We are a valued partner to our clients in bringing prophylactic and therapeutic vaccines to market.
New and re-emerging infectious diseases continue to rise and pose a threat to global health. In the last 50 years, many unknown disease agents have been identified.
Our global team of experts have built up extensive vaccine experience. This enables us to anticipate the challenges in your drug development plan. We drive milestone success ensuring high quality deliverables within budget.
ICON's vaccine experience over the past five years
225Clinical vaccine trials
300,000+Patients spanning vaccine types, populations, indications
3,800Vaccine experienced sites in over 40 countries
Experience Our Partners Can Trust
More than 35% of clinical operations employees have experience in infectious disease trials. Over one hundred of our Project Managers and four leaders are dedicated to the infectious disease portfolio of clinical studies.

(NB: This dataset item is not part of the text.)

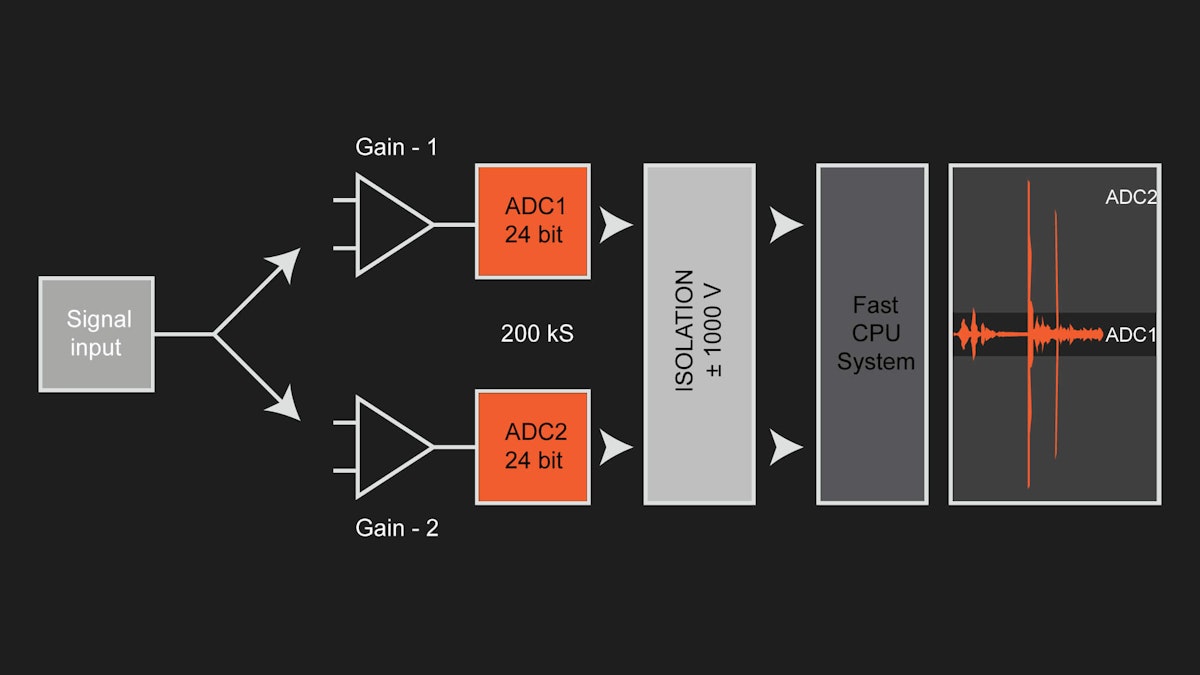 Explicación de la tecnología de DAQ de Dewesoft | Dewesoft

We conduct in the region of 20–50 vaccine trials per year, enrolling over 300,000 subjects across approximately 3,800 investigator sites.
Our award-winning team:
- Awarded “Best CRO in Vaccines” at World Vaccines Conference in 2017 and 2014
- Recently led the development of 14 vaccines resulting in FDA/EMA approvals
- Prime contractor for the US Government for 25 years
- Qualified provider for Bill and Melinda Gates Foundation. Our broad portfolio of services and global footprint also serve the needs of other Global Health organisations such as Welcome Trust, Global Fund and CEPI.
Ranked top CRO in CenterWatch’s Global Investigative Site Survey. Rated at or above a 9 (on scale of 1-10, 10 highest score) for project delivery, project management proactivity and overall satisfaction for vaccines by our customers
Adaptive Design Trials
We are the only full service CRO with the knowledge, software, systems, and global footprint to make adaptive clinical trials a reality. Our full service includes the design, simulation, and execution of adaptive clinical trials that can be effectively applied in these studies.
Our proprietary software ADDPLAN enables design, simulation, and analysis of adaptive clinical trials with ease and enables faster decision making at critical points during trial execution.
Our extensive services include:
- Project and study management
- Expert consultation and operational delivery Phase I-IV
- Lifecycle management and outcomes research protocol development
- Regulatory consultancy with phase specific quality systems
- Medical Affairs and monitoring
- Data management
- Vaccine Government Experience (DMID / TRI, NIAID / BARDA / NIH) - 9 years as monitoring contractor safety oversight committee coordinator on 70+ trials for NIH/ DMID globally including developing countries
- Patient recruitment
Investigator Site Networks
Our investigator database includes over 3,800 vaccine experienced independent and network sites across the world, including developing countries. We have well established relationships with the major infectious diseases site networks in the US and also work with numerous site networks in Europe, Asia Pacific, Africa and the Middle East. These relationships ensure faster response times, higher performing sites, better quality data, along with meeting enrolment expectations.
Site identification is implemented via application of PRAEVISIO, a database which validates site access to patients prior to site selection. This increases our success in enrolling the right patients in the right places.
FIRECREST, our clinical site management and e-learning platform, centralises and streamlines communications across the study. This enables transparency in communication and training to our sites and project teams.
Our technology platform, ICONIK, enables us to analyse the operational and clinical data collected during clinical development. This enables better decision making and the successful implementation of clinical trial strategies that significantly improve efficiency in clinical trials.